Slashdot Mirror


Data Migration Between CMS Repositories?

StyleChief asks: "My employer has decided to begin migrating all of the company's documentation oriented objects and files to a new content management system. The new system seems to have good functionality, robustness, and better usability than our current systems. However, the task of migrating all of the data from 2 or 3 other repositories to the new system seems to be a daunting chore. Automating the process as much as possible is of course my first goal. There are APIs that one can use to do this, but the details quickly become eye opening. Questions of objects versus files, handling their attributes, authorizations, file type identification, shadowing, build integration, versioning, etc., are several of the plethora of issues at hand. Moving perhaps hundreds of thousands of objects from one proprietary repository to another while preserving everything related to that object is the name of the game. I would like to know how others from Slashdot have dealt with similar scenarios. I am particularly interested in the 'lessons learned,' and the problems that you didn't see coming beforehand."

4 of 16 comments (clear)

  1. The swiftest way. by Anonymous Coward · · Score: 1, Informative

    The swiftest way to migrate data between repositories.

    Drop the firewall.

  2. A few thoughts by Paul+Bain · · Score: 5, Informative
    This is one of the most difficult and important questions that web developers face today. It is important because, in the future, most web content (of businesses, associations, and large institutions, at least) will be managed with content management systems (CMS's), and it is difficult for obvious reasons. I have followed CMS literature for years, and have seen only a few articles on this matter, of which this is one of the best, although far too brief and general. See also "Fear of migration."
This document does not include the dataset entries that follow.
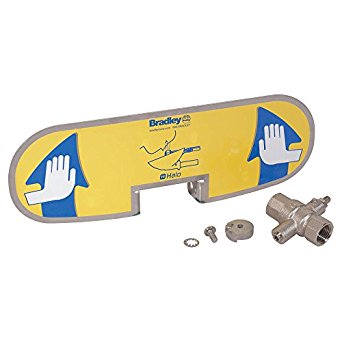 Bradley S08-390 Brass Ball Valve Assembly-Handle, Service Part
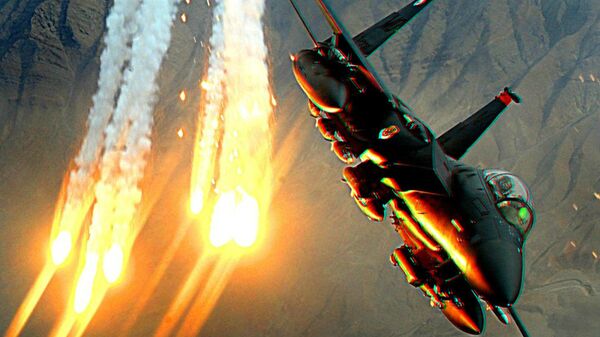 جنگنده اف-15 ائتلاف عربی در عربستان سقوط کرد - اسپوتنیک افغانستان  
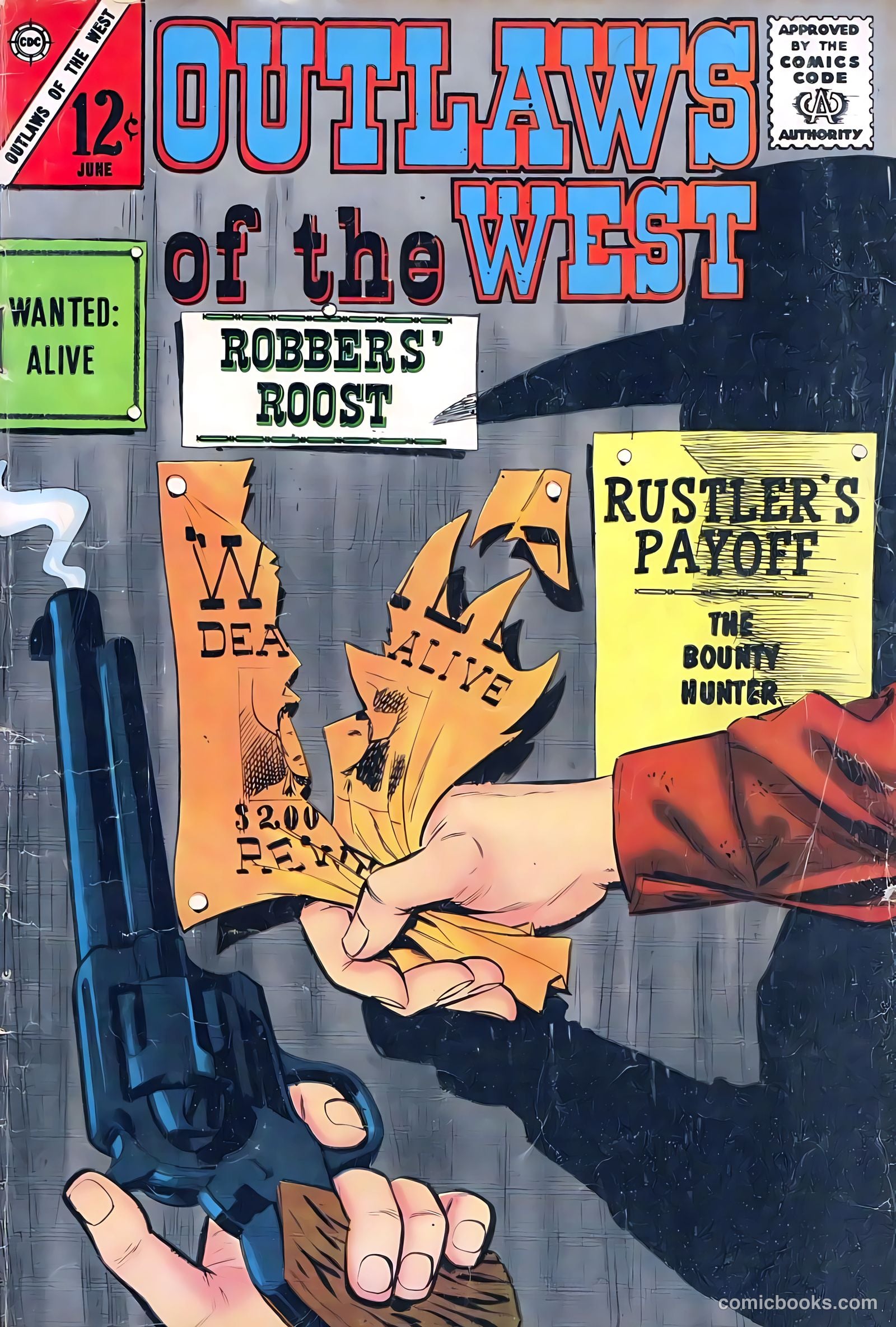 Outlaws of the West #43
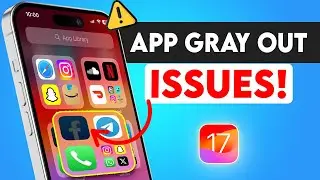 how to solve Apps gray out on iPhone | Cant install app on iPhone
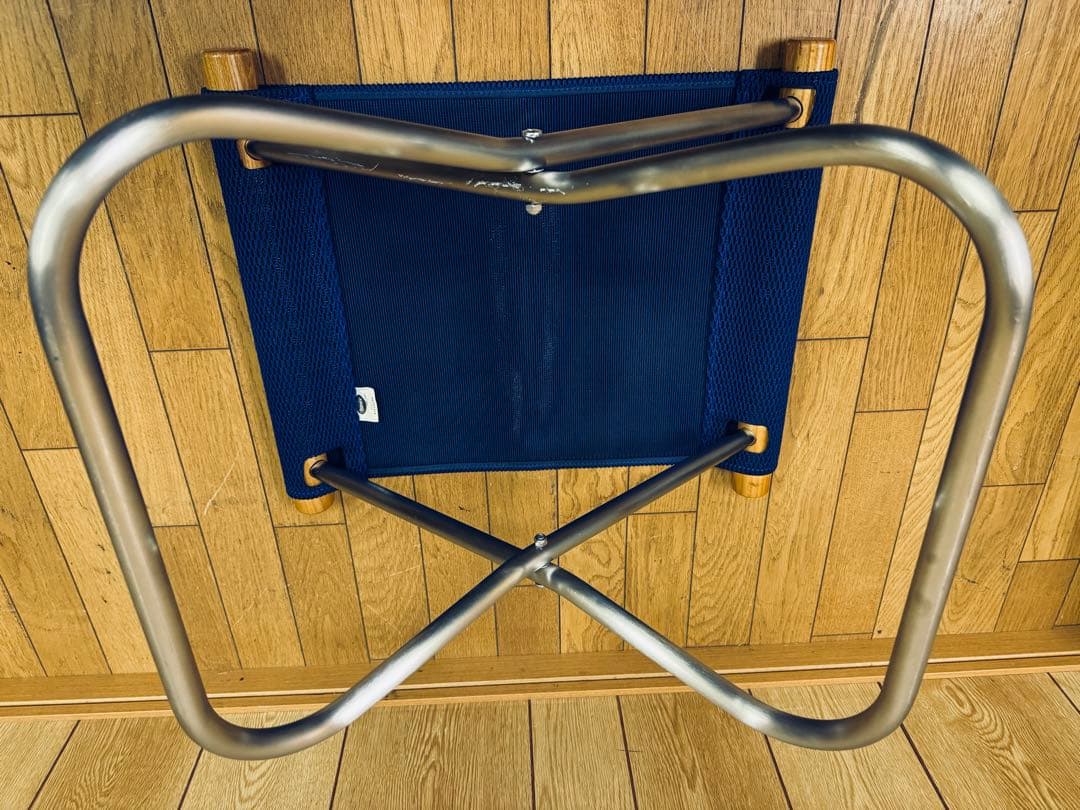 Nychair X ニーチェア オットマン banex ブルー 川島織物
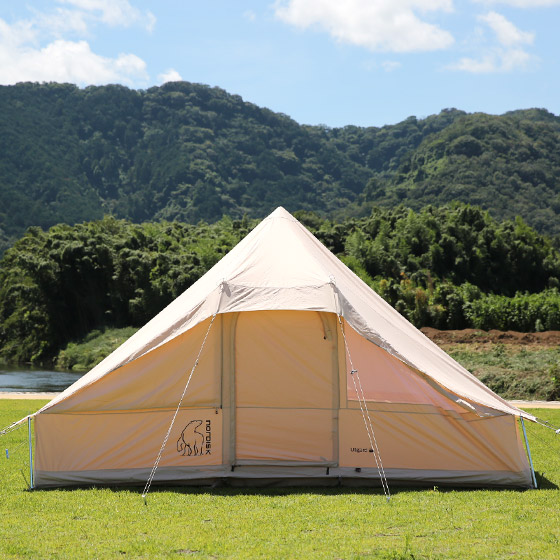楽天市場】ノルディスク ウトガルド 13.2 Utgard Basic Cotton Tent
    Interestingly, none of these "migration articles" on web sites that are explicitly devoted to CMS matters (e.g., CMSwatch.com, cmsReview.com) seem to characterize this problem as relating to Extraction, Transformation, and Loading (ETL), raising the possibility that their authors are ignorant of the many ETL tools that are available. In the open source world, these tools include Octopus and Jetstream. Of course, Perl programmers do not call this process "ETL," but, rather, simply "data munging."

    A prior Slashdot story on "Transferring data 'tween databases" (posted 14 April 2003) might interest you. I cannot post a link to it, however, because Slashdot's search engine is currently down.

    Finally, EMC just bought Documentum, the CMS that you are considering. EMC is primarily a storage company, and I cannot help but wonder how CMS fits into their storage strategy.

    --

    A lawyer & digital forensics examiner. Also an expert on open source software (OSS).
    1. Re:A few thoughts by Paul+Bain · · Score: 2, Informative

      Here's the link to the prior Slashdot story.

      --

      A lawyer & digital forensics examiner. Also an expert on open source software (OSS).
  3. Data Junction by Anonymous Coward · · Score: 1, Informative

    Data Junction specializes in such work (among other stuff).